## WHAT THE TASK REQUIRES:
An exact copy of all the data, minus the images, is required.

## DATA PROVIDED:
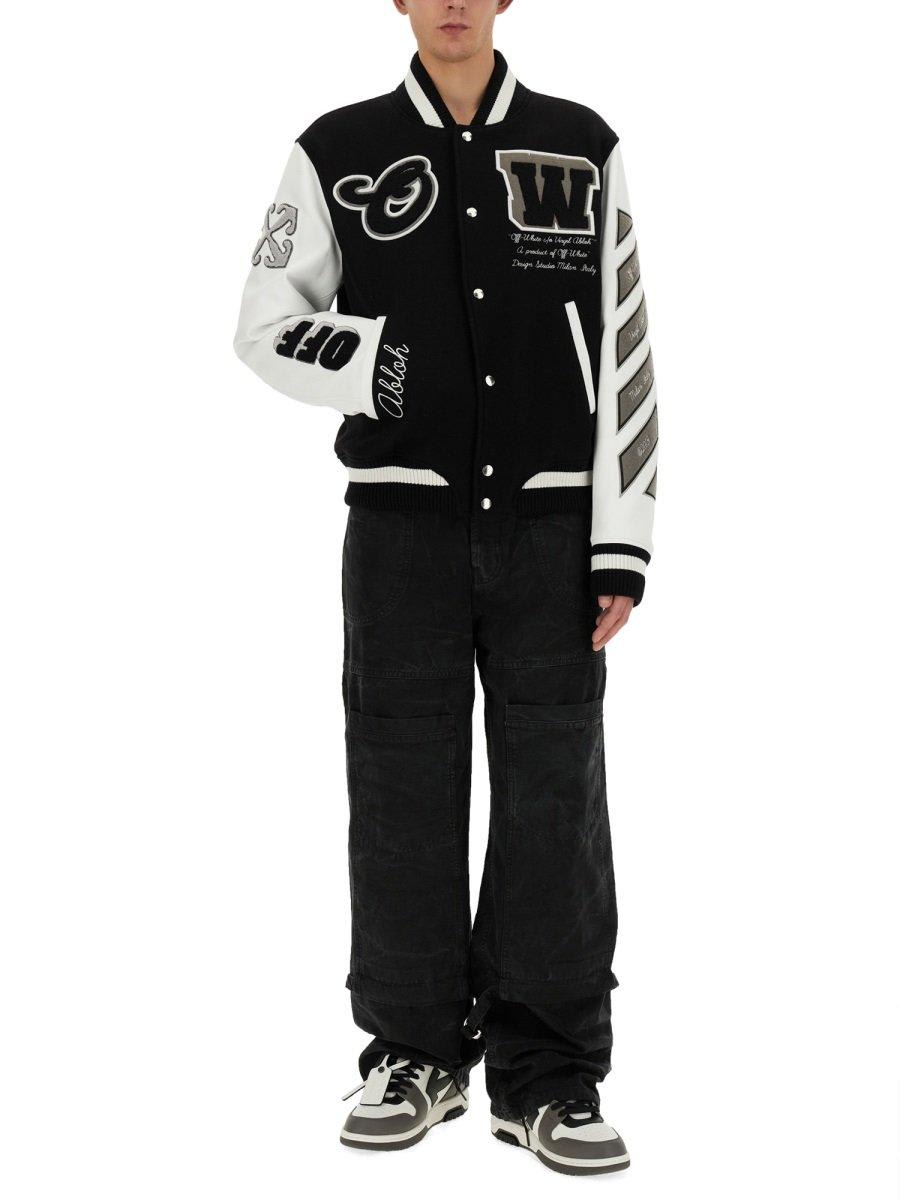 Shop Off-white Lea Appliqu Ong-sleeved Varsity Jacket In Black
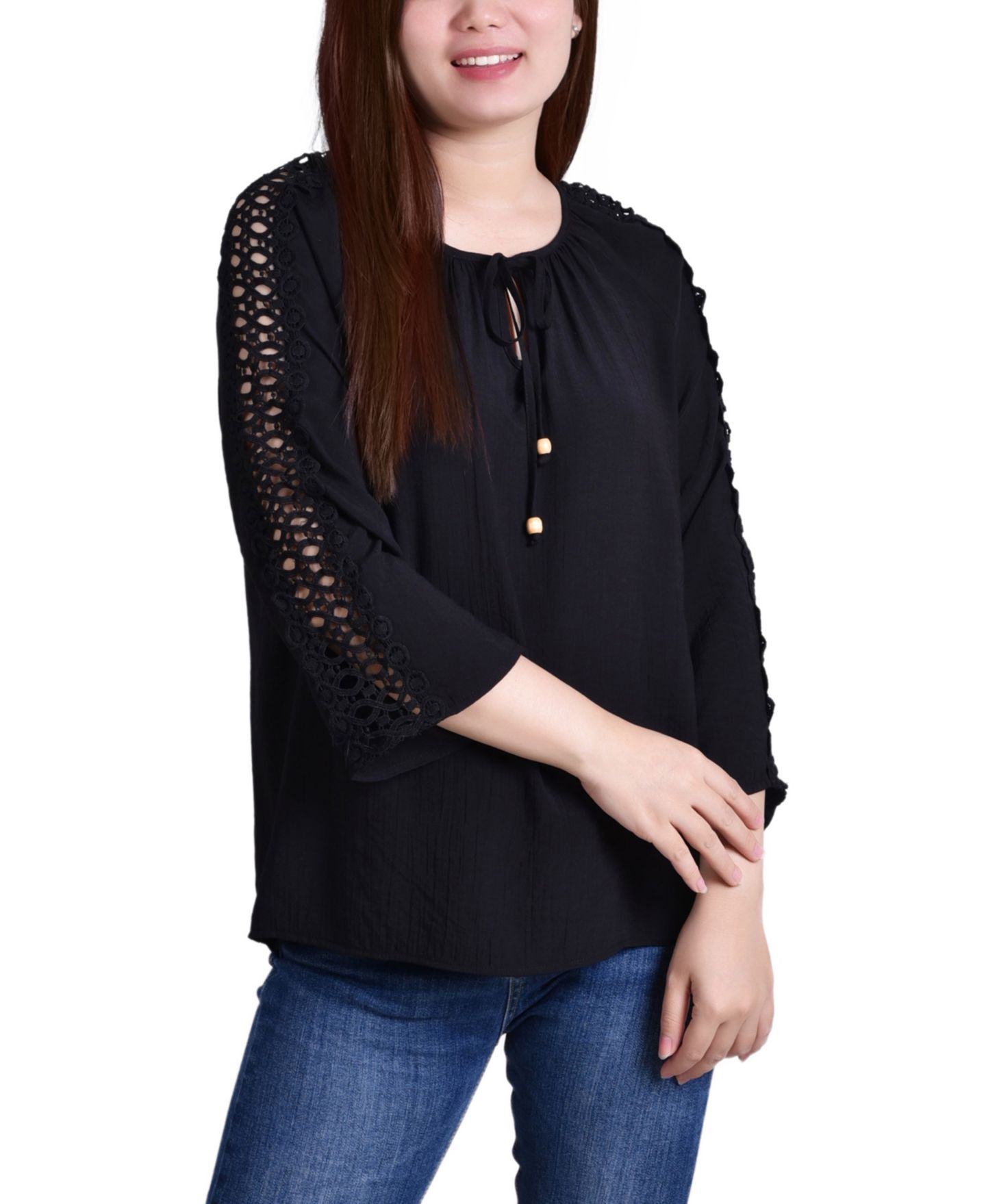 Женская блузка NY Collection Petite Crochet Detail 3/4 Sleeve, цвет: Чёрный — фото 1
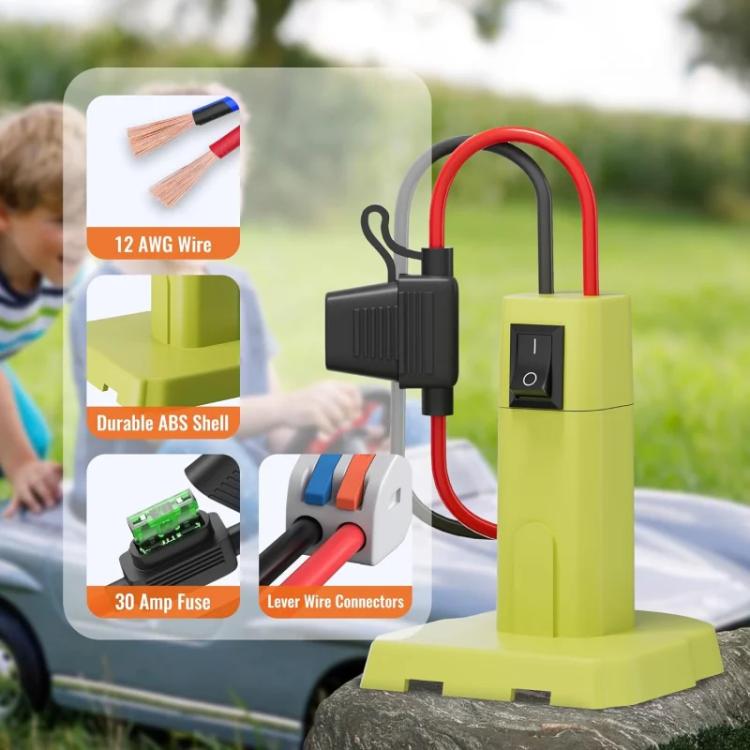 Power Wheel Battery DIY Adapter for RYOBI 18V Battery 12 AWG Wire Converter Kit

## FINISHED EXERCISE:
 Shop Off-white Lea Appliqu Ong-sleeved Varsity Jacket In Black
 Женская блузка NY Collection Petite Crochet Detail 3/4 Sleeve, цвет: Чёрный — фото 1
 Power Wheel Battery DIY Adapter for RYOBI 18V Battery 12 AWG Wire Converter Kit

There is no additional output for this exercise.